Steve Hynd May 25, 2012 - 3:11pm
( categories: Global Warming )

Are You Ready For Permanent Drought?


From IPS:

The results from 19 different state-of-the-art climate models project extreme and persistent drought conditions (colored dark red-brown on the maps) for almost all of Mexico, the midwestern United States and most of Central America.

If climate change pushes the global average temperature to 2.5 degrees Celsius above pre-industrial era levels, as many experts now expect, these regions will be under severe and permanent drought conditions.

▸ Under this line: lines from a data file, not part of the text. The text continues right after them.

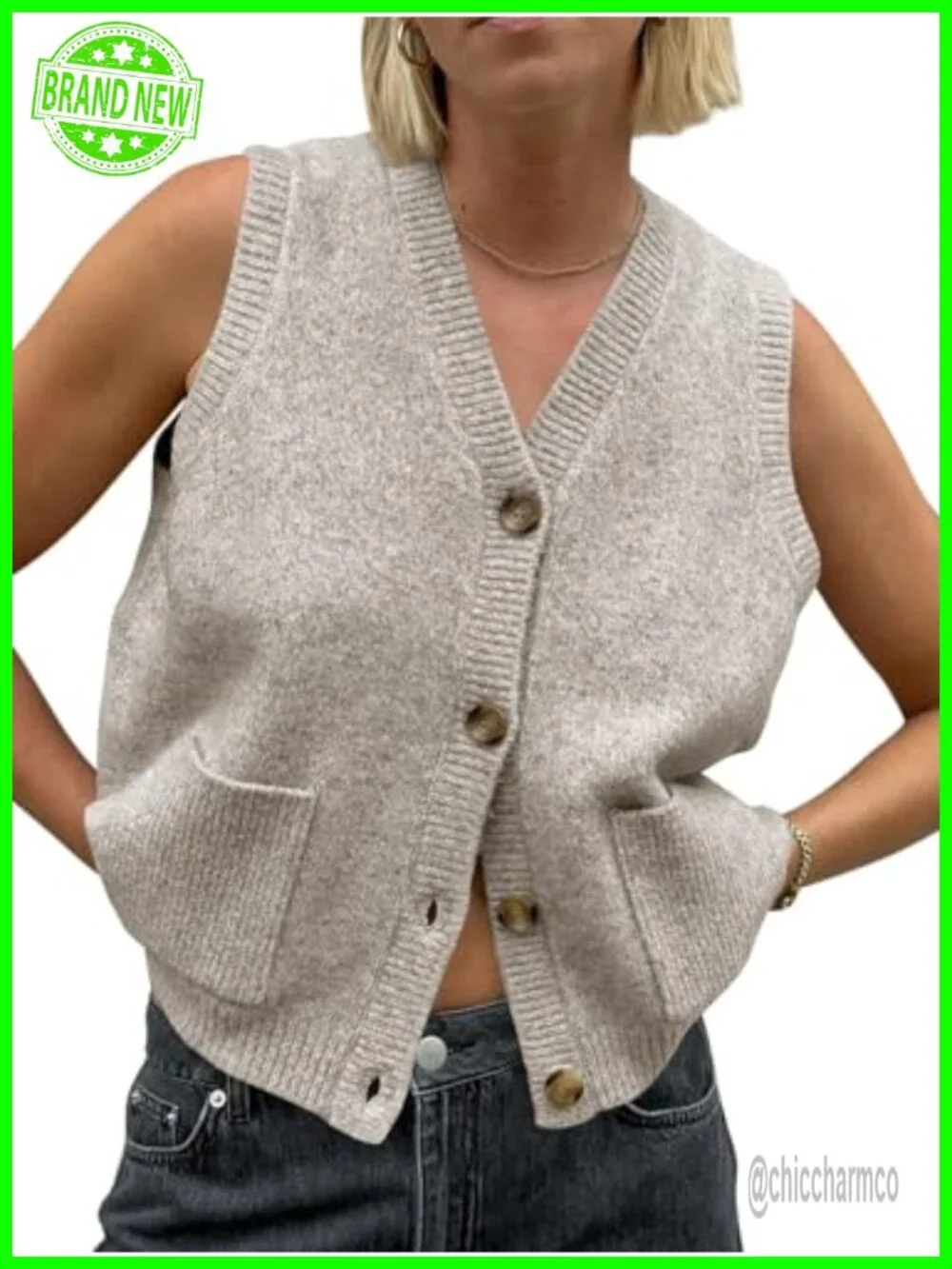 Sleeveless Sweater Vest V Neck Button Knit Cardigan with Pockets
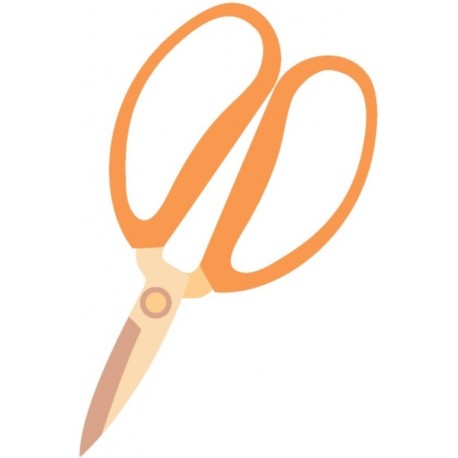 sticker ciseaux couture marron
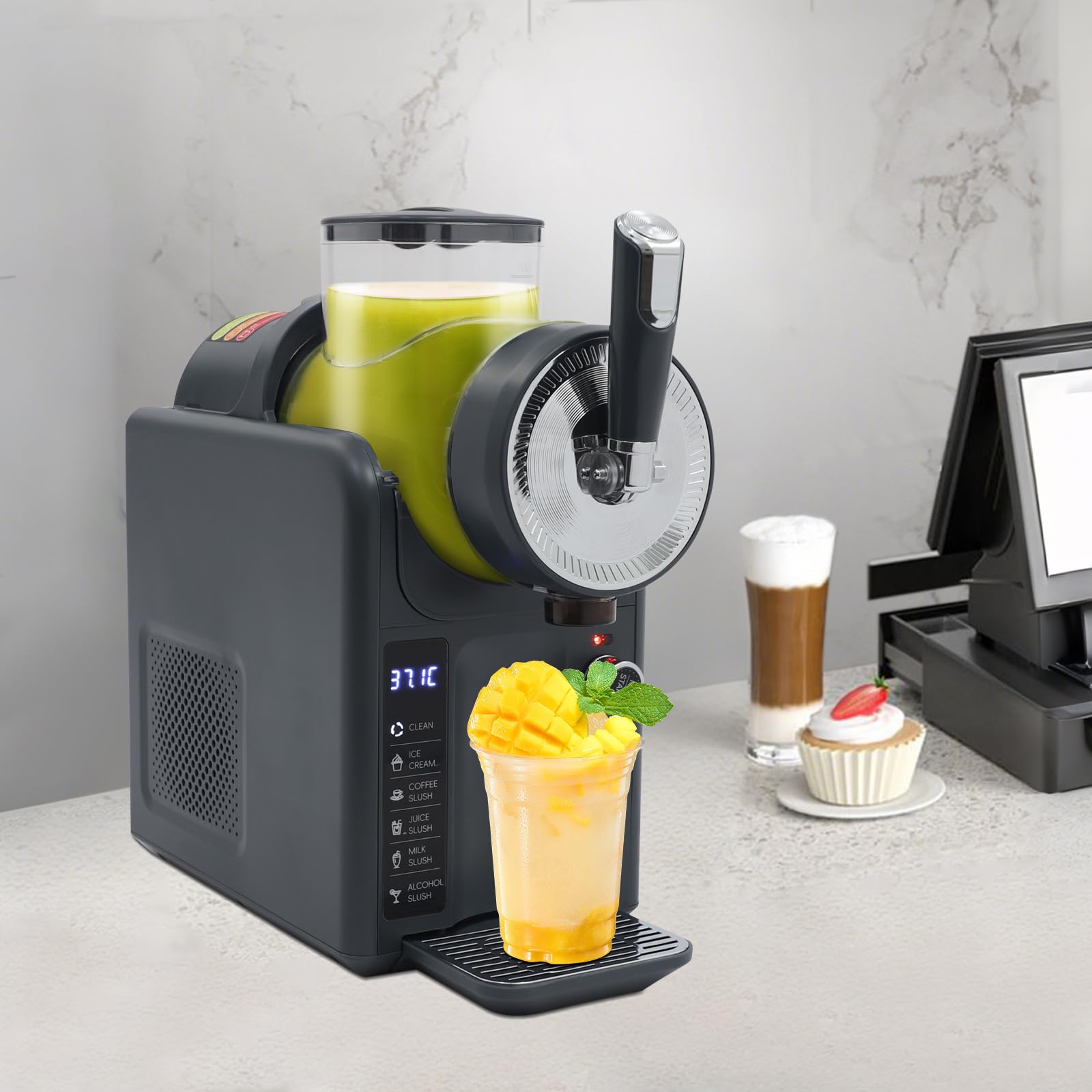 Macchina per bevande congelata per gelato, frullatore, macchina per il caffè, macchina per il gelato, attrezzatura da cucina, display a LED per ristoranti, caffetterie, bar, casa (grigio)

Future conditions are projected to be worse than Mexico's current drought or the U.S. Dust Bowl era of the 1930s that forced hundreds of thousands of people to migrate.

These are some of the conclusions of the study "Projections of Future Drought in the Continental United States and Mexico", which was published in the December 2011 issue of the American Meteorological Society’s Journal of Hydrometeorology and has gone largely unnoticed.

"Drought conditions will prevail no matter what precipitation rates are in the future," said co-author Michael Wehner, a climate scientist at the Lawrence Berkeley National Laboratory, a U.S. government research centre in California.

...The 19 models used in the study show that the increased heat will dry soils more than any additional rain can replenish soil moisture levels. Ever warmer air temperatures will cause greater evaporation, drying out soils.

I know I've written about this before, but I'm going to keep repeating the message because this is the biggest danger of climate change to Americans, who need to realise this is coming. American-produced apathy and denialism is one of the biggest drags on world-wide climate change opinion, and thus on action. Maybe this, a disaster for the bulk of America's heartland, will convince Americans to get their collective heads out of their asses.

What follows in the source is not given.